Specifically, the defendants allege that the relationship between Starlux and the plaintiff began in 1987 when Starlux negotiated a $14 million credit facility with the plaintiff. In 1989, Starlux negotiated a $3.05 million credit facility to be used to finance the purchase of six Spanish flag vessels by its subsidiary, now known as Lineas Ecoa, S.A. (Lineas Ecoa). The defendants allege that during the negotiation of this facility in early 1989, Mr. Ahlgren of the plaintiff promised the defendant Lindholm, a director of Starlux and Lineas Ecoa, that the plaintiff, GAB or FGAB would provide funds to Starlux in the future, outside of the terms of the credit facility, in order to allow Lineas Ecoa, to refinance a loan and defray the cost of flagging out the Spanish flag vessels. On the strength of this representation, Starlux entered into the credit facility and commenced implementation of the Spanish project.

The defendants allege that in September 1989, Starlux entered into a $12 million revolving loan facility with the plaintiff, which was secured by a personal guarantee of Lindholm. In 1990, Lindholm allegedly contacted Mr. Ahlgren in order to reschedule the dates of the repayment of certain Starlux debts and to procure additional financing. The defendants allege that as a condition to providing additional financing, the plaintiff compelled Starlux to CT Page 5888 undertake the winding down and restructuring of certain assets. The defendants allege that the initial form of the workout plan was an oral understanding between Starlux and Mr. Ragnar, an agent of the plaintiff and GAB and FGAB, which provided that the interest payments to the plaintiff would be funded by new loans to Starlux from GAB through the plaintiff. The defendants further allege that GAB, through the plaintiff, agreed to provide additional financing to Starlux to ease its cash flow problems while its business activities were being restructured.

The defendants allege that in December 1990, pursuant to the workout plan, the plaintiff extended a $1 million advance to Starlux, which was followed by several other significant advances, including a loan of $ 2 million from the plaintiff to Castlegar, S.A., which was guaranteed by Adam Backstrom, a director of Starlux. The proceeds of this loan were disbursed to Starlux and its subsidiaries with the knowledge and consent of the plaintiff.

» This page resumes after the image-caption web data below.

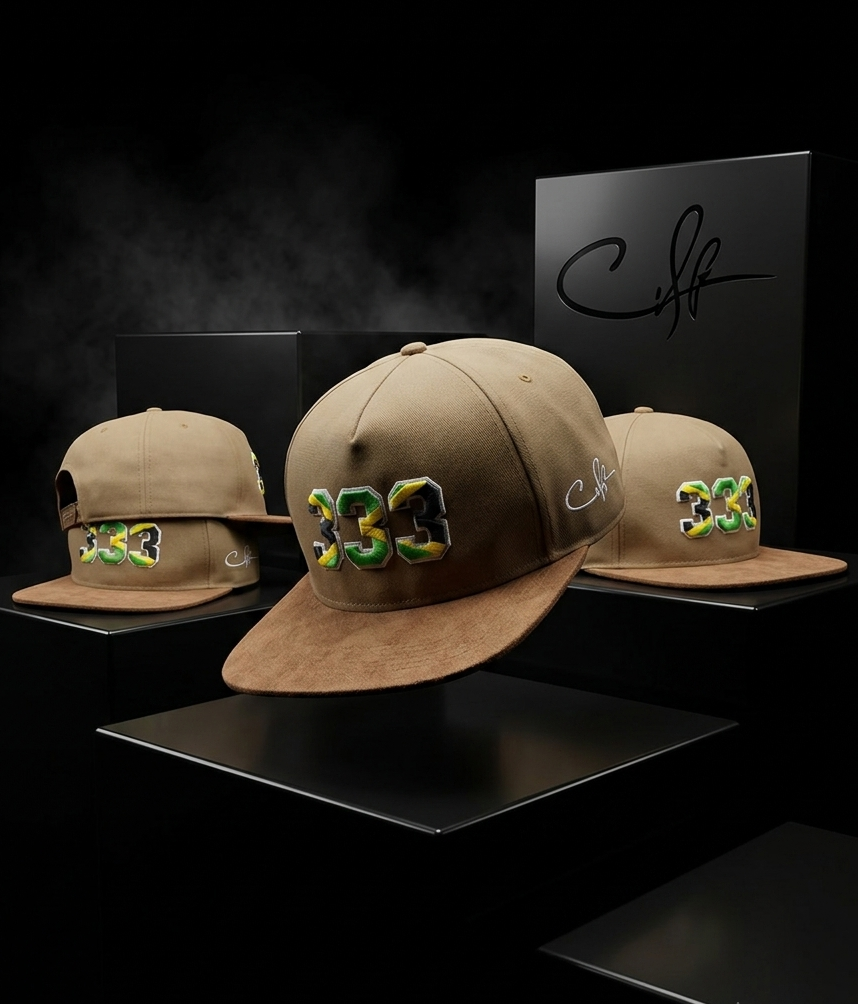 CHRIS GAYLE UNIVERSE BOSS 333 HAT - BROWN
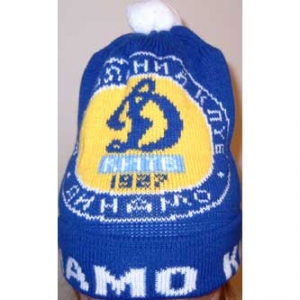 Soccer Hat of the Soccer team "Dynamo" Kyiv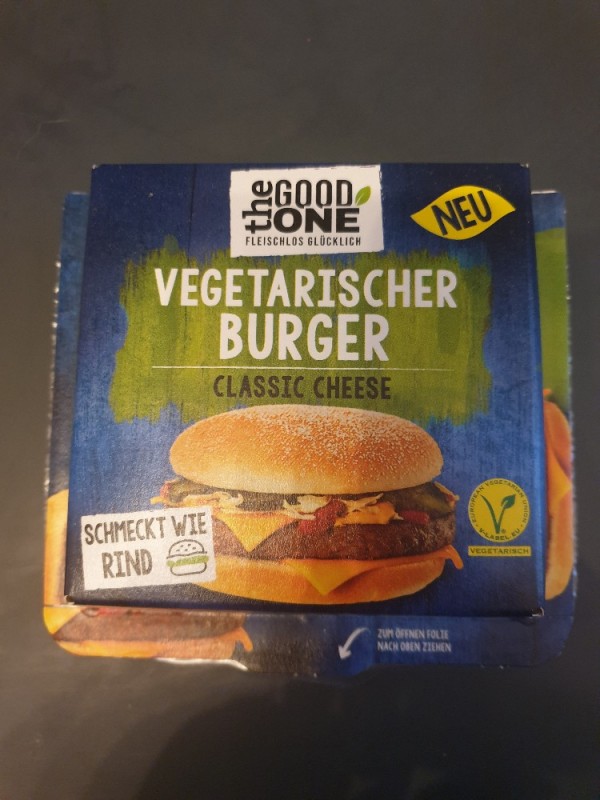 Vegetarischer Burger, Classic Cheese von nivea789 | Hochgeladen von: nivea789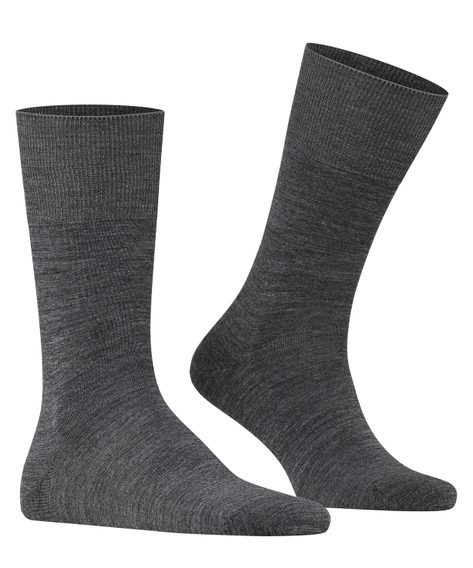 Falke Airport Socks — Dark Grey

The defendants allege that the obligation of the plaintiff to provide additional financing under the workout plan was documented in part in March 1991, as an amendment to the 1989 credit facility (the Second Amendment). Specifically, the defendants allege that the Second Amendment provided that all existing credit facilities and related guarantees would be extended, including the credit facilities of September 25, 1989, February 9, 1989, and July 9, 1990. The defendants allege that Starlux agreed to the additional terms and conditions of the Second Amendment in consideration of the plaintiff's having loaned, and being prepared to make additional loans outside of the purpose of the original credit facility. The defendants allege that the Second Amendment required that Starlux deliver collateral, and that Lindholm and Backstrom deliver their personal guarantees, which they did in April 1991.

The defendants allege that pursuant to the Second Amendment, Starlux, on behalf of its subsidiaries Gunvor Shipping Co., Lineas Ecoa and Eastgate Shipping Co., entered into a Negative Pledge and Assignment Agreement (the Negative Pledge Agreement) which extended the life of the credit facilities which were the subject of the Second Agreement. The defendants allege that assurances were given by the plaintiff that it would extend additional funds to Starlux and in fact, additional funds were advanced by the plaintiff to Starlux.

The defendants allege that the plaintiff has at all times acted as an alter ego of GAB and FGAB, and that since August 25, CT Page 5889 1991, the plaintiff, GAB and FGAB have acted as alter egos of Gamlestaden Intressenter. Accordingly the defendants argue that corporate veils should be pierced and GAB, FGAB and Gamlestaden Intressenter should be held liable with the plaintiff.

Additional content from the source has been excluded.